Here are a few good examples: ARod’s 1997 season (career full-season low .846 OPS), Albert Pujol’s 2002 season (career full-season lows of .314 batting average, .394 on-base percentage, and .561 slugging—those are some pretty terrific career lows), and Jeff Bagwell’s 1992 (his .273 batting average and .812 OPS were the lowest of his career until his very last two seasons).

The conventional wisdom on this phenomenon is that baseball at the major league level is a game of adjustments, and after a great young hitter comes into the league and batters pitching staffs for a season, the league’s pitchers and scouts come into year two with a much better idea where the young hitter’s weaknesses lie.  If the young hitter is truly destined to be great, he makes the necessary adjustments in his slump year and goes on to greater glory as he moves toward his age 26-to-31 peak seasons (barring major injuries along the way).

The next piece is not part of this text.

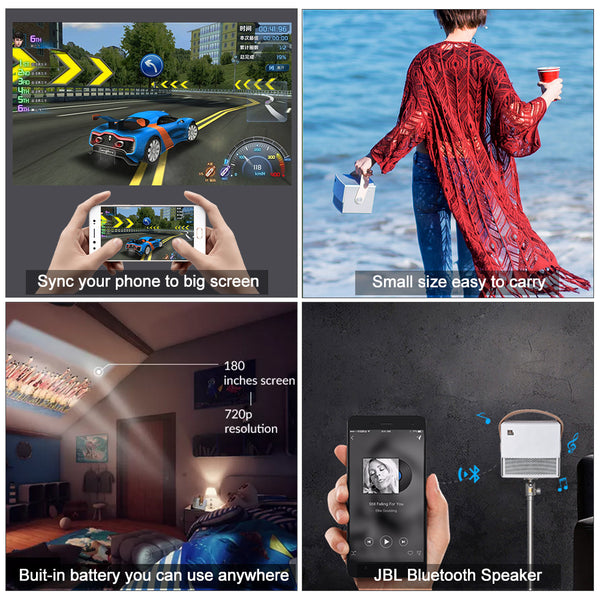 XGIMI CC Aurora Mini Portable DLP Projector Home Theater Android Wifi 3D Support 4K HD Video With Battery Videoprojecteur Beamer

The Panda is slumping big-time so far in 2010.  After entering the 2010 season with career numbers (in roughly 1.25 seasons of play) of .333 batting average, .381 on-base percentage and .543 slugging, Sandoval’s 2010 numbers so far are .282, .343 and .435.  Those are huge drops, although the 2010 season is only about 40 percent of the way through.

The cause of Panda’s 2010 slump is obvious: he’s a free swinger, and the NL’s pitchers have better learned how to set him up to swing at pitches out of the strike zone, on which Panda’s odds of getting a hit or an extra base hit are sharply diminished.

Panda has already earned a reputation, perhaps second only to Vladimir Guerrero or Ichiro among those currently playing, as a great bad-ball hitter.  Nonetheless, no matter how good he is at hitting pitches out of the strike zone, any pitcher will tell you he’d rather take his chances with Sandoval swinging at balls rather than at strikes.

I’m pretty confident that Sandoval will make the necessary adjustments by the time the 2010 season is in the books.  First, even with his major slump so far this year, he’s still hitting well for a player who doesn’t turn 24 until August.

Second, Sandoval has made tremendous progress in his ability to lay off bad pitches and draw walks in a very short period of time.  In 2008, the year Sandoval broke into the majors, he drew only 35 walks in 593 professional at-bats that year.  His previous high before that was 22 walks in 438 at-bats in the Class A Sally League in 2006.

In 2009, his break-through year, Sandoval took enough pitches to draw 52 walks in 572 major league at-bats.  While that’s certainly not great and one has to keep in mind that he hit so well last year that pitchers were pitching around him a lot, it’s still a tremendous improvement over prior years and a solid performance for a young, bad-ball hitter.  He also drew more walks in the second half of the 2009 campaign when he was obviously seeing fewer pitches to hit.

So far in 2010, Panda has drawn 24 walks in 255 at-bats.  This isn’t terrible, but Panda needs to improve on it enough that pitchers are forced to come into him with strikes.

For what it’s worth, here’s a Tim Kurkjian article from 2002 which lists some of the All-Time best bad ball hitters in baseball history.  I remembered Yogi Berra and Roberto Clemente, but not some of the others on the list, which was why I went trolling on-line and found Kurkjian’s article.

Based on the fact that both Tony Gwynn and Ichiro made Kurkjian’s list, I would bet that Rod Carew and Paul Waner deserve to be on the list too, being similar kinds of hitters.